Via Samizdata I find this article by Christopher Hitchens in Slate. He gives a first hand account of North Korea, notes a few interesting aspects of how North Koreans see themselves, and shows a couple of simple and eloquent consequences of the evil tyranny that has destroyed the lives of tens of millions in that country over decades, one of which is this starkly stunning photograph of the night sky over the Korean peninsula.
He discusses how it is that these people can accept, up to a point, their oppression. It is well documented that in the Soviet empire almost everyone hated it, but they didn't know what to do, or were afraid to do it.
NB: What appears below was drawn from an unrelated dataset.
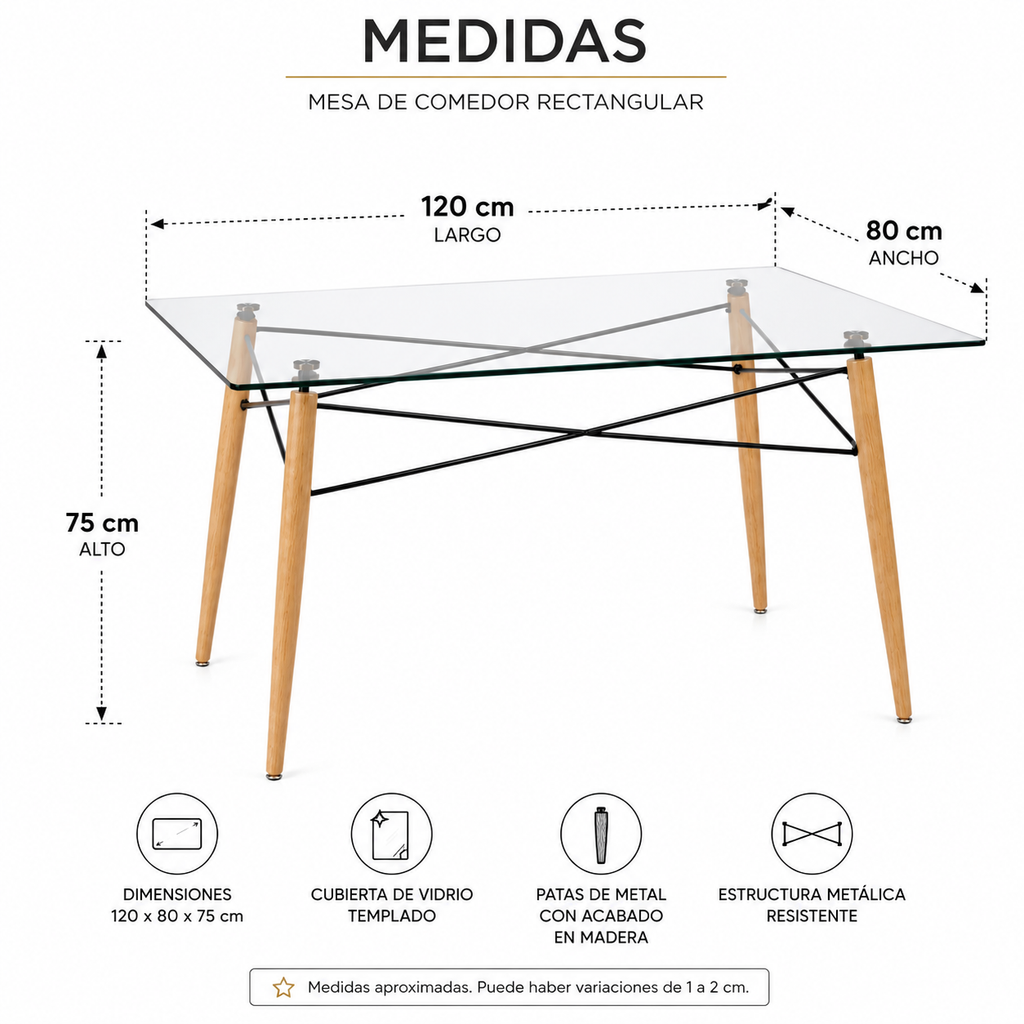 Mesa Eiffel Vidrio Rectangular - 120x80cm / 160x90cm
In the People's Democratic Paradise it is doubtless much the same, but it is easy enough to give people a fake identity to cling to, and easy too to make them fear that anything else will be even worse.
It's a genuinely interesting article, in which he gives informed data and perspectives, and some intelligent analysis, and he makes no attempt to defend the odious dwarf Kim Jong-il and his evil blood-stained father, nor even does he do what left-wing apologists for tyrants so often do, wring his hands about how, if only it had been done properly it would have been wonderful. Instead he uses a rather novel approach to not condemning communist murderers- he pretends they're not communists at all, but are in fact right-wing fascists.
The idea is not his, but comes from a book he has been reading, which also sounds interesting. He reaches the conclusion that communism is dead in North Korea because the word has been dropped from the constitution (of which more later) and they no longer speak of the people owning the means of production. The truth is simply that they have dropped all pretence that the people own anything at all, not even their own lives. Communist countries have never allowed any real ownership, whether common or individual, to the people; all ownership and control is reserved, necessarily, to the ruling elite. It is surprising, to say the least, that Christopher Hitchens fails to realize that, just because the dear leader has explicitly told his people what most communist tyrants hide behind meaningless words on worthless bits of paper- that they are nothing and have nothing- the country has not ceased to be a communist tyranny.